Elbowgate: was it really as assault? Interview with CBC’s Mark Gollom

During a bit of a dustup last week in the House of Commons, Prime Minister Justin Trudeau grabbed an opposition MP’s arm without that person’s consent. His elbow also hit another opposition MP in the chest by accident. The opposition has made a lot of commotion about the whole incident, and the Prime Minister has made numerous apologies about his behaviour. This will probably all die down very soon. However, some opposition MPs have described the Prime Minister’s behaviour as a criminal assault.

Was it, though?

As I explained to CBC’s Mark Gollom in this interview, the answer may be more complicated than you would think.

The main definition for a criminal assault is quite broad: a person intentionally uses force on another person without their consent. A lot of behaviour can get caught up in that definition, including behaviour the public wouldn’t normally treat as an assault.

If a person is on a crowded train or bus, and pushes past a few people to reach an less-crowded area, did that person commit an assault? Well, pushing a person is using force on them. And the pushing was intentional. And the person who was pushed probably didn’t consent to being pushed.

But is pushing past a person on a crowded bus or train something we want in the criminal courts? Of course not. So how does the criminal justice system deal with that?

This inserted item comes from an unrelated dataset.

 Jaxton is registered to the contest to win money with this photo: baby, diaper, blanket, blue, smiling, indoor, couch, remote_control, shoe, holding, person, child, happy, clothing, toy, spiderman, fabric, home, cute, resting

The main way is the application of a legal doctrine called de minimus. It’s a legal doctrine that says that although certain behaviours meet the legal definition of a crime (or a tort), the behaviour is so minimal such that the courts should not be involved. If that pushing example ever made its way to trial, it would be a defence that could be relied on (among other defences). In any event, it is unlikely the police would ever lay a charge in that situation, nor would the Crown’s office proceed with the case.

So while the Prime Minister’s intentional grab of an opposition MP’s arm without that MP’s consent would meet all the technical requirements of an assault, it would be so minimal that it would never actually lead to a charge or finding of guilt.

How about the Prime Minister’s accidental ‘elbowing’ of another opposition MP? She has claims, among other claims, that it stunned her. I make not comment about whether the opposition parties, and this MP in particular, are blowing it out of proportion. The fact is, no matter what the injuries are, it would never be a crime. That is because the Prime Minister’s use of force was accidental, not intentional. It does not matter if his behaviour was reckless. The only question is: did the Prime Minister intentionally use force on that person? If the answer is no, then it is not an assault. (I’ll leave out an analysis of transferable intent, which needlessly complicates this specific, simple situation.) No one is disputing the elbowing was an accident. Therefore, it was not a crime, even if there were more serious injuries.

Maybe it’s time for our politicians to focus on more serious issues that the House needs to address?